Google's Gemini Veo 3.1 Launches 'Ingredients to Video' Mode for Pro/Ultra Subscribers: Create 8-Second 1080p Videos from Three Reference Images with Consistent Characters and SynthID Watermarks
Google has rolled out the Veo 3.1 video model to Gemini Pro/Ultra subscribers, introducing a new 'Ingredients to Video' mode. This feature allows users to upload three reference images simultaneously to extract character, scene, and style characteristics, which are then merged into an 8-second, 1080p video. The generated content includes an invisible SynthID watermark. Users can create videos via text prompts on web or mobile, with the system maintaining cross-frame character consistency and lighting coherence. Google demonstrated this by combining three selfies, a cyber city background, and an oil painting style image to produce a 'futuristic impressionist street walk' short film with no facial or clothing deformation. Veo 3.1 also outputs native environmental sound and supports first/last frame control and video extension. The multi-image reference feature is fully available, utilizing existing subscription quotas without additional payment plans announced.
Google has today pushed the Veo 3.1 video model to its Gemini Pro/Ultra subscribers, introducing a new and innovative 'Ingredients to Video' mode. This feature empowers users to upload up to three reference images concurrently. From these images, the system intelligently extracts distinct characteristics: one for the character, another for the scene, and a third for the artistic style. These extracted elements are then seamlessly fused together to generate an 8-second, 1080p video.
A key security and authenticity feature of Veo 3.1 is the automatic inclusion of an invisible SynthID watermark within all generated content. Users can initiate video creation by simply inputting a text prompt, accessible through both web and mobile interfaces. The system is designed to maintain high fidelity across frames, ensuring consistent character appearance and coherent lighting throughout the generated video.
Google provided a compelling demonstration of Veo 3.1's capabilities.
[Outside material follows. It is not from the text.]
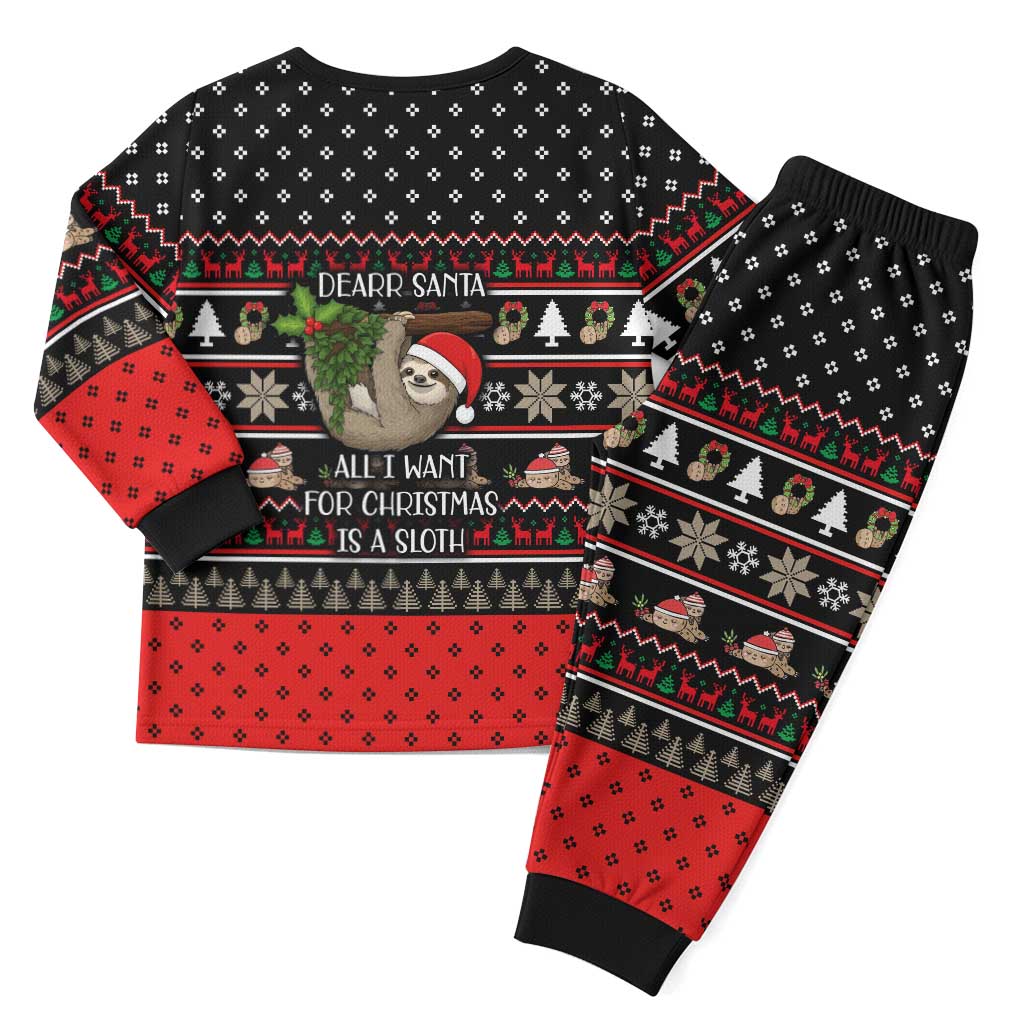 Sloth All I Want For Christmas Pajama Set Xmas Holiday Patterns - Wonder Print Shop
By combining three selfies taken from different angles, a cyber city background image, and an oil painting style reference, the model successfully outputted a short film depicting an 'impressionist futuristic street walk.' Notably, the demonstration highlighted the model's ability to render faces and clothing without any deformation, showcasing its advanced consistency.
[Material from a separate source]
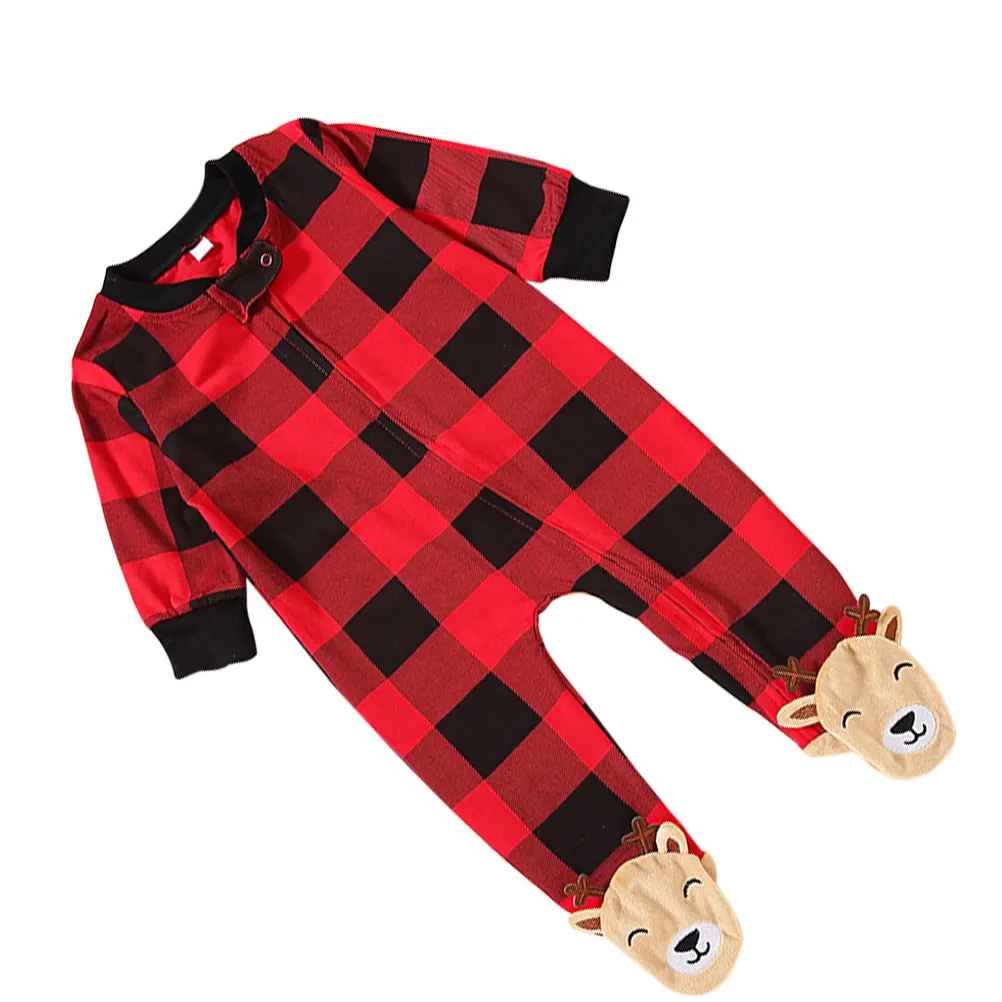 Pyjama de Noël bébé Cerf coton doux carreaux vue face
Beyond visual generation, Veo 3.1 also outputs native environmental sound, enhancing the immersive quality of the videos. Furthermore, the model offers functionalities for controlling the first and last frames of the video, along with a video extension feature. Google has confirmed that the multi-image reference capability is now fully rolled out to all eligible subscribers. The generation quota for this new feature aligns with existing subscription allowances, and no additional payment plans have been announced at this time.